- THE DATA
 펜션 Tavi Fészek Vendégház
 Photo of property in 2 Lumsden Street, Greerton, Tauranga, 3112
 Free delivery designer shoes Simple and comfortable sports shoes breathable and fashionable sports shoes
==
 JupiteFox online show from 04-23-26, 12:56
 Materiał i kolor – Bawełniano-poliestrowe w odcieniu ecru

- WHAT THE TASK ASKS
Look above for the line with "펜션 Tavi Fészek Vendégház" and the line with "Free delivery designer". Retype those two lines and every line between them exactly, adding nothing.

- WRITTEN RESPONSE
 펜션 Tavi Fészek Vendégház
 Photo of property in 2 Lumsden Street, Greerton, Tauranga, 3112
 Free delivery designer shoes Simple and comfortable sports shoes breathable and fashionable sports shoes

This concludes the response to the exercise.